Para quem deseja inteirar-se do estado da arte do Direito Comparado, sem renunciar aos conceitos clássicos de obras como as de René David, mas que se encontram comprometidas pela desatualização, a leitura do livro de Dário Moura Vicente é mandatória. Para os lusófonos, chega a ser um orgulho encontrar um texto de tal rigor metodológico, atualidade e abrangência em língua portuguesa, fazendo-o equiparável a estudos magnos da comparatística internacional.

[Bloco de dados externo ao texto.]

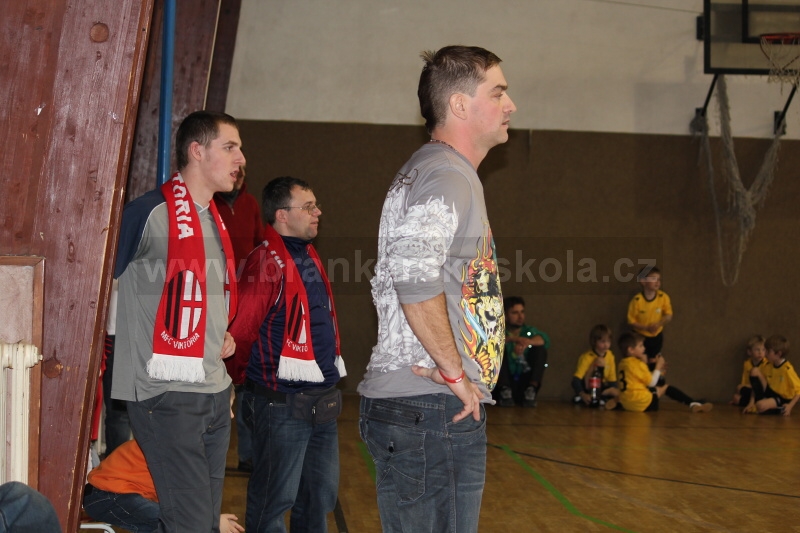 V�hra MFC Vikt�ria na v�no�n�m turnaji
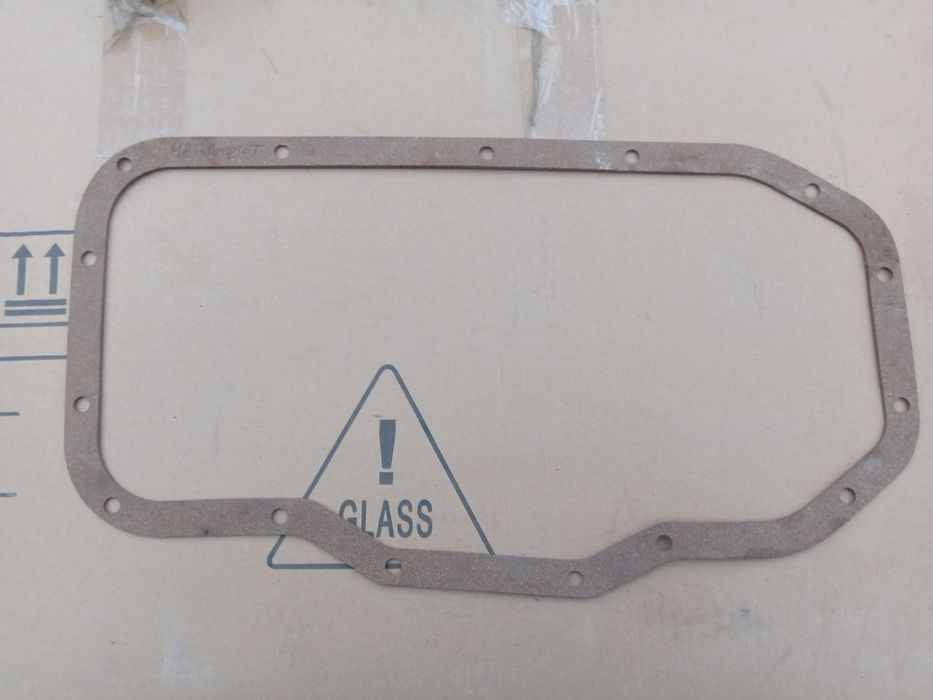 Нова прокладка поддона двигателя УАЗ Патриот піддона двигуна картера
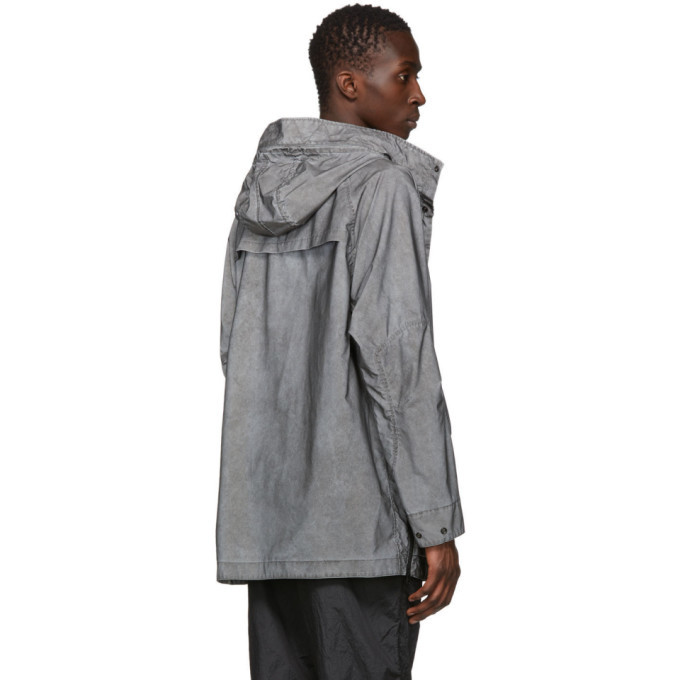 Stone island shadow hot sale project reflective jacket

O Direito Comparado deverá encontrar no século XXI um grau incomparável de florescimento e de difusão. A queda das barreiras físicas, intelectuais e comerciais gerada pela formação de blocos econômico-político-jurídicos, a revolução das novas tecnologias, as facilidades de transporte internacional e o compartilhamento de conhecimentos em novas plataformas encontram-se na raiz desse processo de fortalecimento do Direito Comparado. O sonho dos pioneiros dos séculos XVIII e XIX tem grandes possibilidades de se converter em realidade. O principal risco está na perda dos referências metodológicos e na incompreensão do que realmente seja fazer um estudo de Direito Comparado.